His probe began as a review of what sparked the FBI investigation of Russian interference in the 2016 election. The inquiry has grown to engulf some of the most contentious aspects of the campaign between Trump and Hillary Clinton.

Durham's probe of the 2016 election is now far longer than the 22-month investigation by special counsel Robert Mueller into Russian interference in the campaign. So far, Durham has charged three people, each for allegedly lying to or for the FBI, which prompted Trump and lawmakers to question what he has been doing. Throughout the probe, Durham has kept a low profile and revelations in court documents provide few clues about where the investigation is headed.

Durham's statements and legal filings occasionally spark criticism. In one pending case that's drawn fierce reaction from conservatives, Durham argued in a February court filing that a tech executive mined internet data related to Trump Tower, a Trump apartment building and the executive office of the president. Trump and right-wing publications called it proof Clinton spied on him.

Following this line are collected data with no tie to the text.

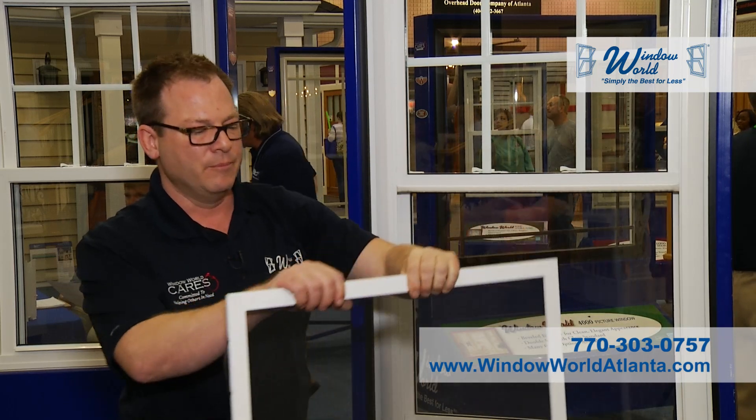Our glass is very rugged — you can stand on the window itself. We're family owned and operated. Give our family a call. Call Window World.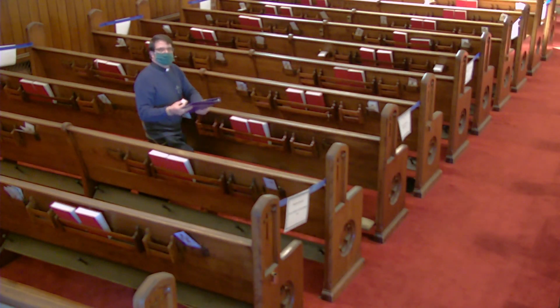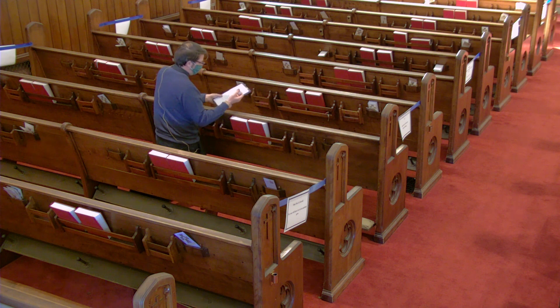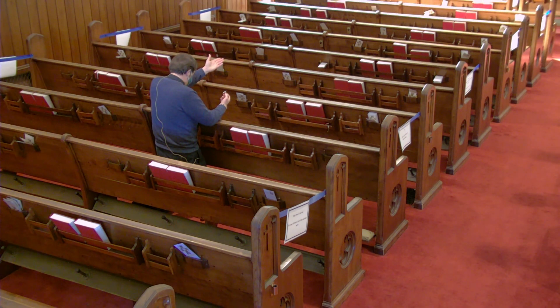We will hear the first verse of a hymn for meditation as we prepare to partake of the bread and wine. I will then lead us from the front in partaking of each of the elements of communion.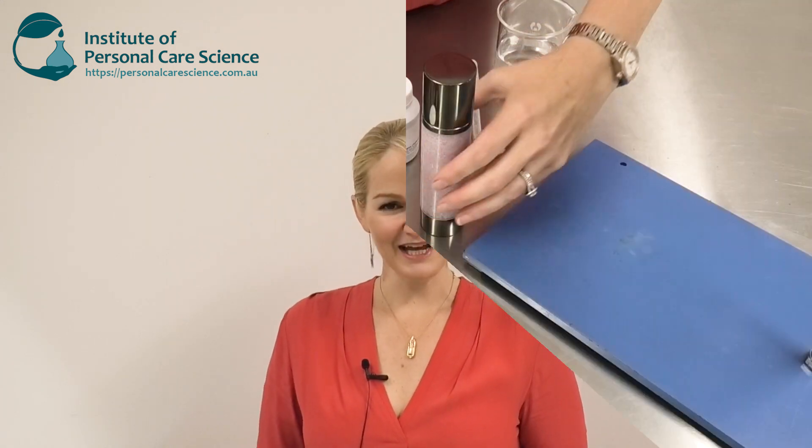Hi, I'm Belinda Carley, the Director of the Institute of Personal Care Science, and today I'm going to show you how to create a really cool innovative product form — a butter in gel. Let me show you how it's made.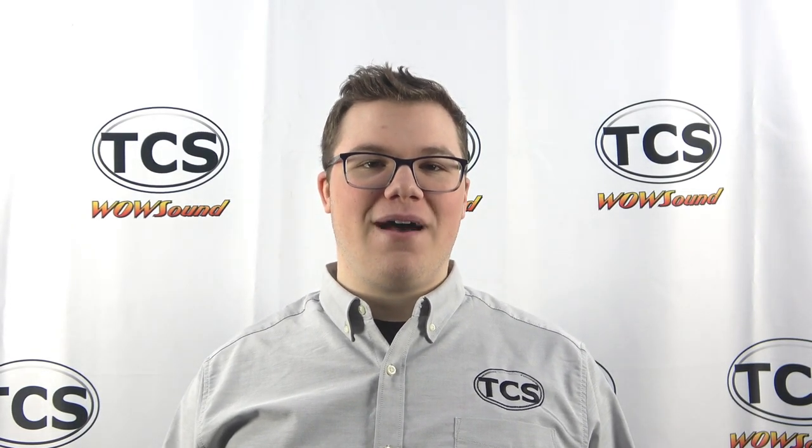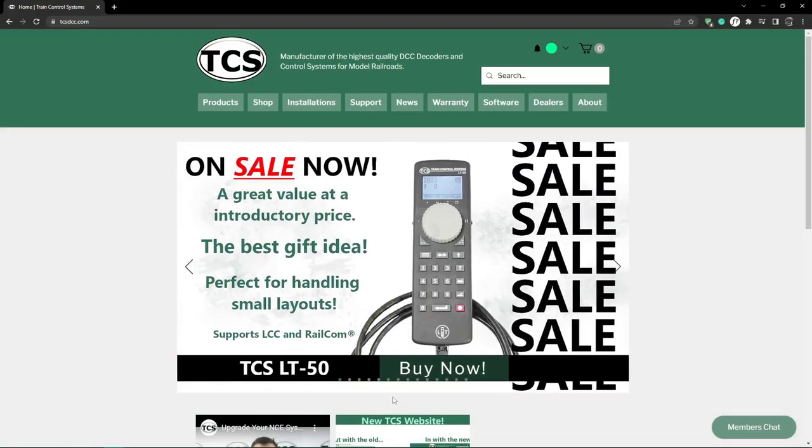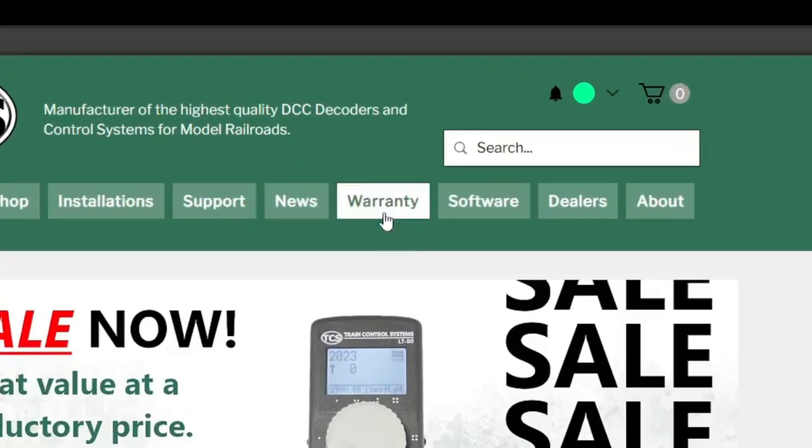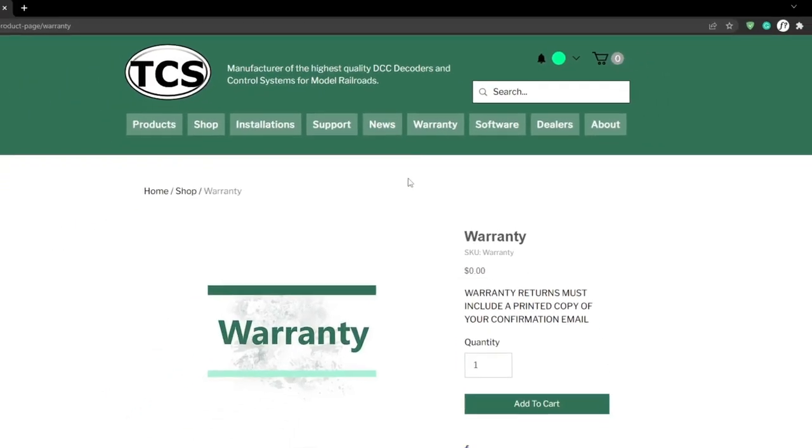Now, let's show you how to register a warranty. To start, navigate to our website and click on the warranty button on the menu. It will take you directly to the warranty product page.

But the reason for the filing was the ho-hum subject of whether lawyers for the defendant, Michael Sussmann, had a conflict of interest in the case. Sussmann said he was aware of the potential conflict and would continue with the same lawyers.

But his lawyers called the allegations irrelevant to the charge against him and false, “plainly intended to politicize this case, inflame media coverage, and taint the jury pool.”

“This particular dustup strikes me as a sideshow," U.S. District Judge Christopher Cooper told prosecutors March 10.

Sussmann was acquitted May 31 of the charge after a jury trial.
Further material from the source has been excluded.